1926 OK CR 164, 249 P. 168, 35 Okla. Crim. 143, 1926 Okla. Crim. App. LEXIS 326
CourtCourt of Criminal Appeals of Oklahoma
DecidedApril 22, 1926
DocketNo. A-5883.
StatusPublished
Cited by10 cases

This text of 1926 OK CR 164 (Simpkins v. State) is published on Counsel Stack Legal Research, covering Court of Criminal Appeals of Oklahoma primary law. Counsel Stack provides free access to over 12 million legal documents including statutes, case law, regulations, and constitutions.

Bluebook
Simpkins v. State, 1926 OK CR 164, 249 P. 168, 35 Okla. Crim. 143, 1926 Okla. Crim. App. LEXIS 326 (Okla. Ct. App. 1926).

Opinions

EDWAEDS, J.

The plaintiff in error, hereinafter called defendant, was convicted in the district court of Osage county on an information charging him with driving an automobile while intoxicated, and sentenced to pay a fine of $1,000, and to serve a term of 30 days in the state penitentiary.

The evidence is not extensive, and, briefly stated, is that, on the 22d day of March, 1925, the defendant drove an automobile on the streets of Pawhuska and along the state highway, some two miles and a half outside the city, where he was arrested. In the course of the driving he threw a bottle or part of a bottle of whisky from his car, and broke it on the pavement, and, when apprehended, had another bottle in the car. In driving the car he went at a high rate of speed, and from one side of the road to the other, almost overturned, narrowly missed colliding with other cars, and, when arrested, had turned his car crosswise in the road. The evidence is that he was intoxicated, voluble, and pugnacious.

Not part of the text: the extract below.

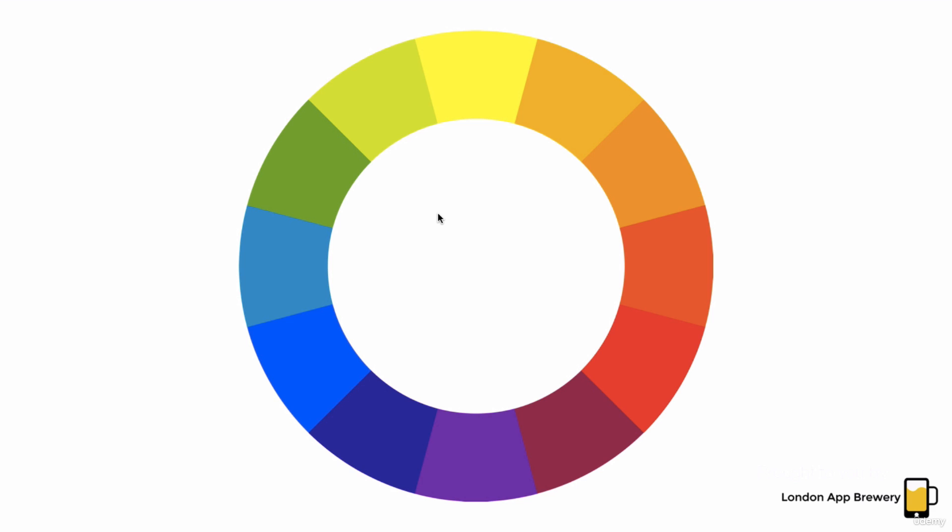Most of you will have seen it from art classes — it's essentially the rainbow wrapped around itself. The color wheel is an incredibly useful tool, not just for artists, but also for designers. So let's look at one of the ways in which you would combine different colors.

■ Counsel for defendant have filed an able brief advancing and exhaustively presenting the following assignments *145 of error: First, that section 3, chapter 16, Session Laws 1923, the act under which the prosecution was instituted, is unconstitutional as violative of section 57, article 5, of the Constitution; second, that said section 3 is void as being a legislative attempt to establish a rule of evidence.

Chapter 16 of the Session Laws of 1923 contains three sections; the first being a section of definition, the second providing the punishment for violation of certain of its provisions, the third making unlawful the driving by one under the influence of intoxicating liquor or by a drug addict, as follows:

“Section 3. It shall be unlawful for any person who is under the influence of intoxicating liquor, or who is a habitual user of narcotic drugs, and the having on or about one’s person or in said vehicle of said intoxicating liquor is prima facie evidence of a violation of this act, to operate or drive a motor vehicle on any highway within this state, as defined in section 1 of this act, and any person violating the provisions of this section shall be deemed guilty of a felony and shall be punished by imprisonment * * * and fine.”

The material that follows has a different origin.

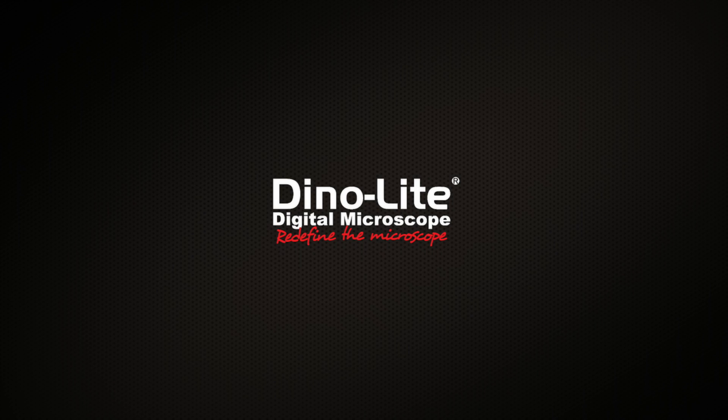For more information visit us at www.dynolite.us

The title of the act reads:

“An act regulating the driving and operating of motor vehicles, providing punishment therefor, and repealing all laws in conflict therewith, and declaring an emergency.”

Section 57, article 5, of the Constitution, in part requires that every act of the Legislature shall embrace but one subject, which shall be clearly expressed in its title. This section has been many times considered by the courts of this state. In re Fuller, 31 Okla. Cr. 289, 238 P. 512; State ex rel., etc., v. Bonner, etc., 86 Okla. 280, 208 P. 825; Holcomb v. C., R. I. & P. Ry., 27 Okla. 667, 112 P. 1023; City of Pond Creek v. Haskell et al., 21 Okla. 711, 97 P. 338; Johnson v. Grady County, 50 Okla. 188, 150 P. 497; State v. Johnson, 90 Okla. 21, 215 P. 945.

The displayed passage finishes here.